Down to the last line of the listing, starting at the one with "Casale San Fedele 2* トレビ", retype each line exactly. Do not copy the pictures.
━━━━━━
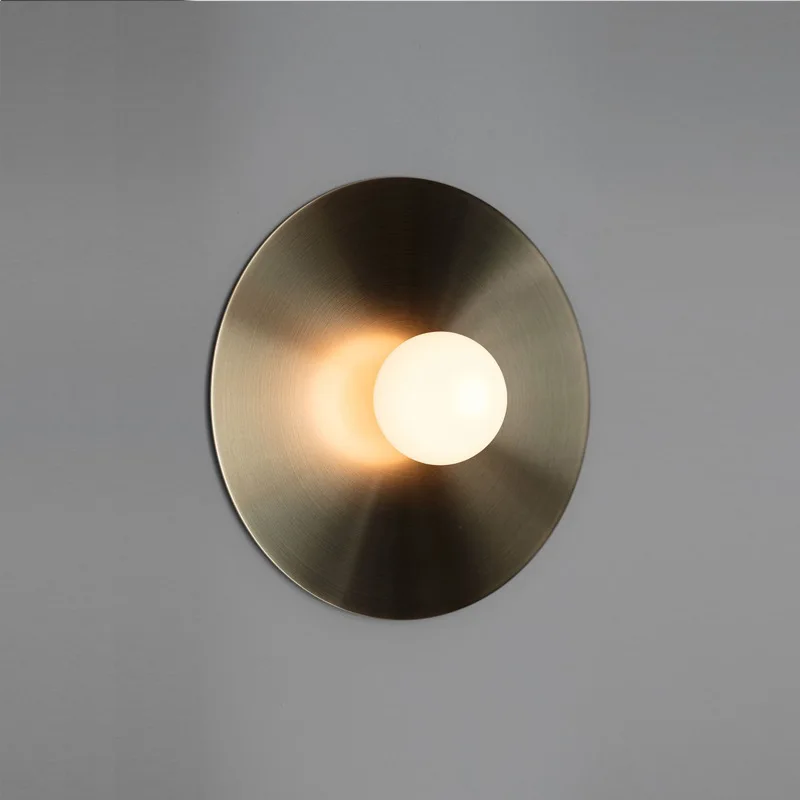 Home Hardware Bathroom Lighting - Pós moderno lâmpadas de parede sala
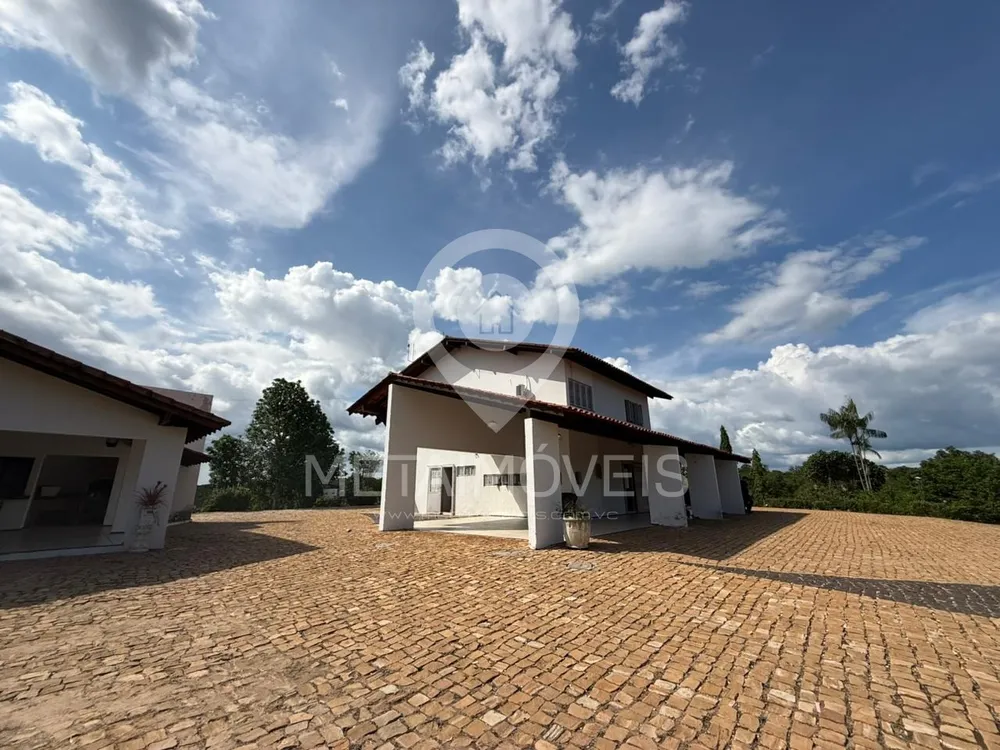 Sítio, 5 quartos, 25 m² - Foto 6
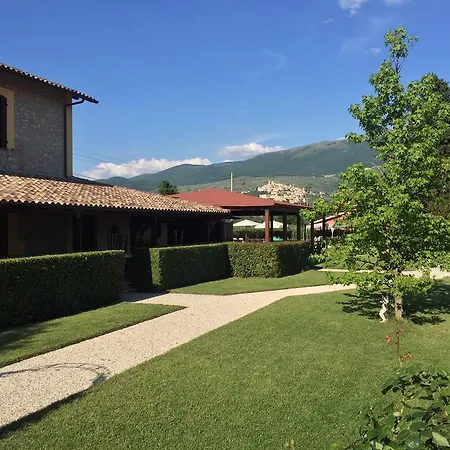 Casale San Fedele 2* トレビ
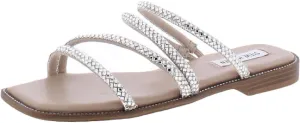 Steve Madden Women's Slide Sandal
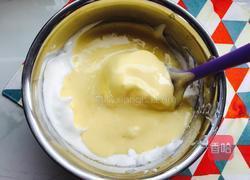 豆乳盒子蛋糕的做法图解7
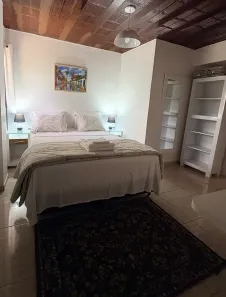 Apartamento com 1 Quarto para alugar, 25m² no , Miguel Pereira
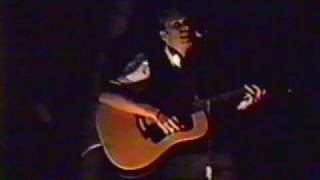 Georgette (I Never Will Forget)   -Robert Decker Live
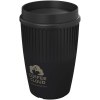 Gobelet Cirrus de 350 ml avec couvercle 360°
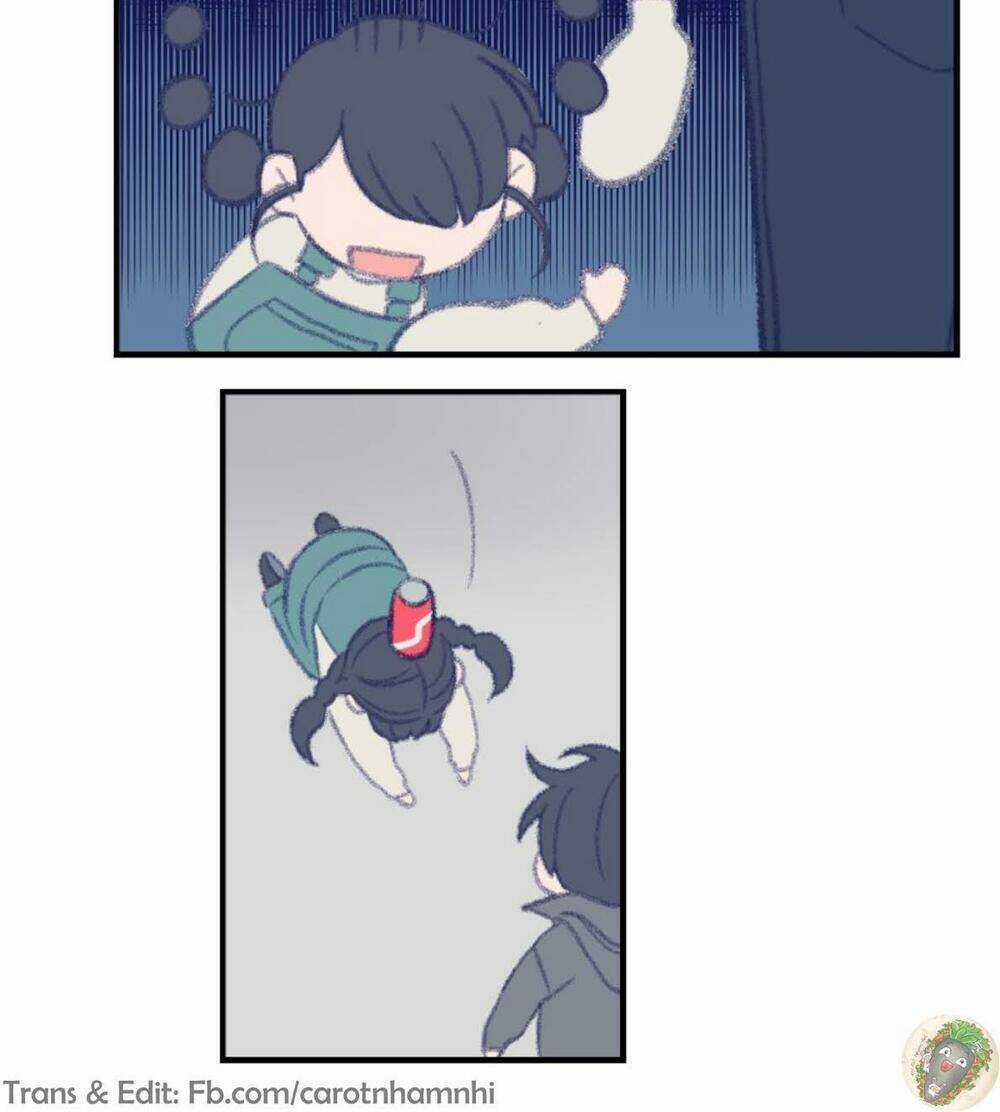 Nice To Meet You - Chapter 5 - Trang 53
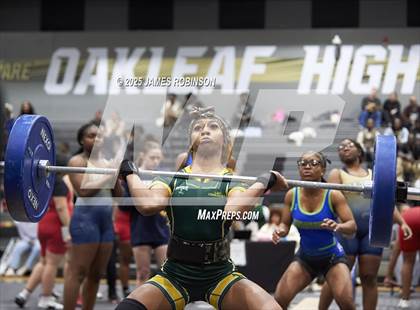 Thumbnail 3 in FHSAA Class 2A District Final photogallery.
━━━━━━
▶ [YOUR RESPONSE]
 Casale San Fedele 2* トレビ
 Steve Madden Women's Slide Sandal
 豆乳盒子蛋糕的做法图解7
 Apartamento com 1 Quarto para alugar, 25m² no , Miguel Pereira
 Georgette (I Never Will Forget)   -Robert Decker Live
 Gobelet Cirrus de 350 ml avec couvercle 360°
 Nice To Meet You - Chapter 5 - Trang 53
 Thumbnail 3 in FHSAA Class 2A District Final photogallery.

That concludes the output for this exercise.